As 1980 rolled around, horror movies were doing big business at the box-office, and Anne-Marie's best film roles were in that genre. "Prom Night" (1980), a horror hit starring Jamie Lee Curtis and Leslie Nielsen, featured Anne-Marie as the school bitch. Her performance in this slasher classic is perfect - and her advice to Jamie Lee's character - "It's not who you go with, honey...it's who takes you home." - is always recalled upon mention of the film. Her character of 'Wendy Richards' wasn't just your typical high-school victim, either. She was strong and vindictive, and she gave the axe-wielding killer a run for his money in the infamous cat-and-mouse chase sequence throughout the shadowy high school. She impressed legendary producer Aaron Spelling, who cast her in his pilot "Waikiki" (1980). After guest-starring on "Buck Rogers" (1980), "B.J. & The Bear" (1980), and "Lobo" (1981), Anne-Marie appeared in three big-screen shockers in 1981. In "The Boogens," filmed in snowy Utah, Anne-Marie is attacked by slimy creatures with razor-sharp tentacles. In "Savage Harvest," which co-starred Tom Skerritt and Michelle Phillips, she played another sassy girl named 'Wendy' who is attacked by lions at her family's home in Kenya during a drought. This movie was reportedly based on a true story. Lastly, she had a cameo in "Halloween II," thanks in part to the friendship she developed with Jamie Lee Curtis while filming "Prom Night."

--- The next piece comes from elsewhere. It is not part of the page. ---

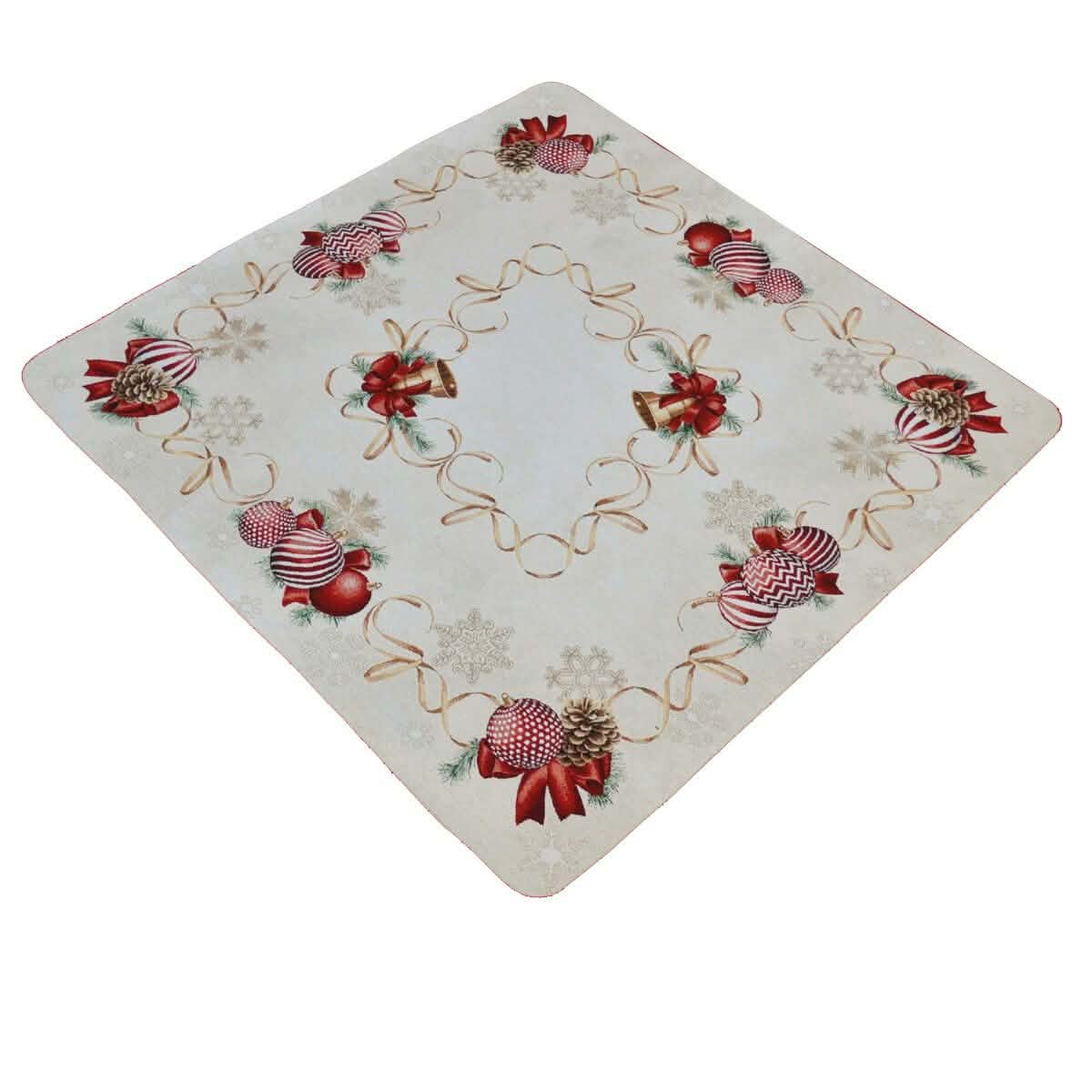 Obrus Gobelin BN Bombki Beż 40x100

Next, Anne-Marie won over soap opera fans when she portrayed lawyer Gwen Davies on "Days Of Our Lives" from 1982-1985. During her three-year run on the series, the busy actress managed to squeeze in other projects. She appeared on episodes of "Mr. Merlin" (1982), "The Powers Of Matthew Star" (1983), and "St. Elsewhere" (1984). In a pivotal episode of "T.J. Hooker" (1983), she played 'Officer Karen Hall,' a cop who develops a romance with William Shatner's character and is wounded in the line of duty. And, as most soap opera performers do, Anne-Marie was featured on a game show: "Hot Potato" in 1984. That year, she had a small but pivotal role in "Runaway," a sci-fi thriller directed by Michael Crichton and starring Tom Selleck. Anne-Marie eventually ended up marrying the film's director. After playing a diva on an episode of "Highway To Heaven" (1986), Anne-Marie won her most popular role to date: as 'Officer Dori Doreau' on the wild comedy classic "Sledge Hammer!" (1986-1988). The series starred David Rasche as a trigger-happy, downright deranged L.A. cop who was partnered with Dori Doreau, a straight-laced by-the-books cop. However, they made a great couple, and Dori proved to be a tough cookie with physical prowess when faced with the bad guys. In the DVD commentary, Anne-Marie mentions that she particularly loved the fact that the role was physically demanding. When the series ended it's run, Anne-Marie retired from acting and had a daughter, Taylor, with her novelist/director husband.
She made a brief appearance on "Primetime:Live" (1994) on an episode that interviewed Crichton on his involvement with the hit films "Jurassic Park" and "Disclosure." Using the name Anne-Marie Crichton, she co-write the screenplay to "Twister" (1996) with her husband, and the disaster flick, starring Helen Hunt and Bill Paxton, was a box-office smash.
It's always understandable when actresses tire of the routine and would rather raise their families and/or work behind the cameras. However, Anne-Marie's exceptional beauty and acting chops has left a lot of fans waiting and hoping for her return to film and television. She's a real class act in an industry notorious for bleached blonde bimbos and fleeting, untalented starlets.